With synchronization worthy of the Rockettes, additional platters kept being delivered to both sides of the table. Diners were expected to take only what they could eat. I ate all of what I put on my plate except for a little bit of Salmon skin. The food was marvelous, the vegetables among the best I’ve ever tasted.
                After dinner, Miles and I were asked if we wanted to say a few words to the assembly. I mentioned that the dining experience reminded me of the time I spent in Catholic monasteries, when you would eat in silence while listening to a monk read from scripture or the lives of the saints.
The Catholic connection, as it turned out, was not that far fetched. A woman from Saint Paul’s parish in South Philadelphia told me to look out for a lineup of Catholic saint statues around the parameter of the Peace Mission dining room.
I counted ten or more Catholic saints positioned some ten feet above the heads of the diners.            
                For me, the hymns and hand clapping that occurred during the banquet raised a red flag: “Here’s where biting journalist types like Christopher Hitchens have a really wicked time ripping into Mother and all things Divine,” I thought.  
                But Woodmont, in rapidly deteriorating world, is actually more of a treasure than not.
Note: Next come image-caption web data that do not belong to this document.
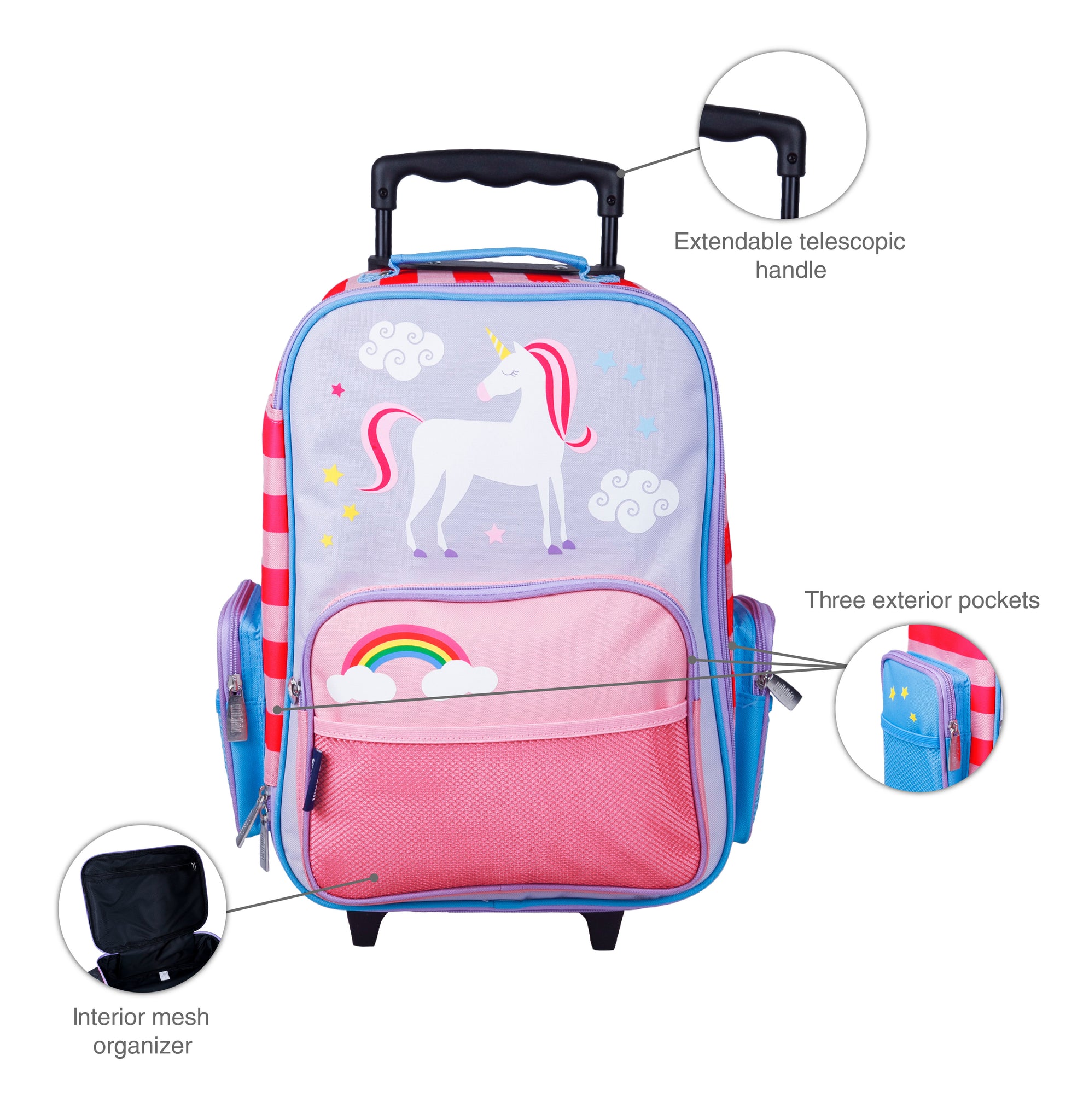 Wildkin Kids Rolling Suitcase|Kids Suitcase|Luggage for Kids-Unicorn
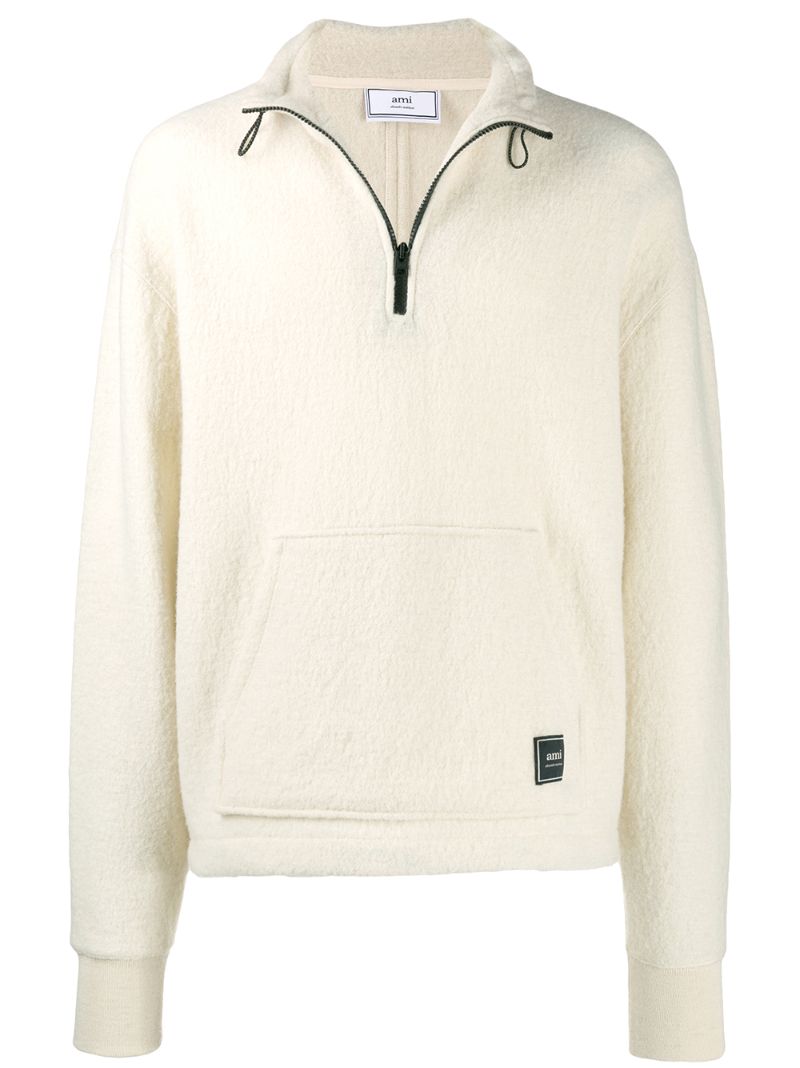 Shop Ami Alexandre Mattiussi Boiled Wool Sweatshirt In Neutrals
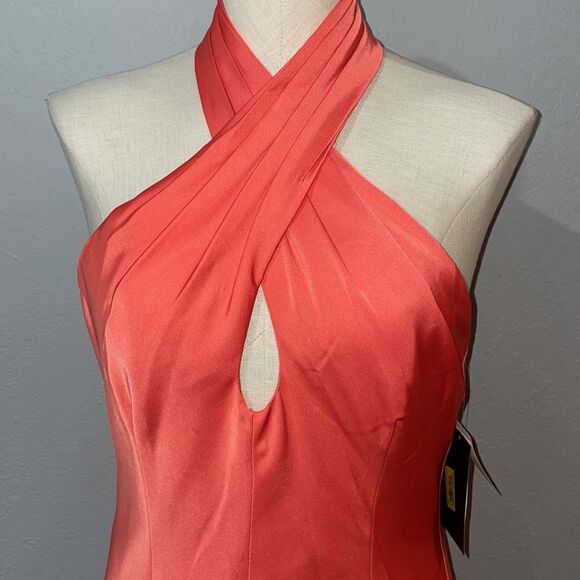 Aidan Mattox Criss Cross Keyhole Halter Sleeveless Satin Midi Dress Size 2 NWT - Picture 4 of 12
It’s quiet, isolated, beautiful, a mansion with many rooms and good food, an empire with its own benevolent queen, a masterful lady with a piercing glance.
                After dinner, Miles and I were told that Mother wanted to see us alone, in Father Divine’s office.
                The office, as it turned out, is a dead ringer for the oval office in the White House. Miles and I stood with Mother by Father’s desk, an aide not far away.  Directly in front of the window was Father Divine’s shrine and tomb. For a few moments things were very quiet, then sunlight hit Mother Divine’s face.


                We both agreed, on the train ride home, that here was the real Philadelphia story.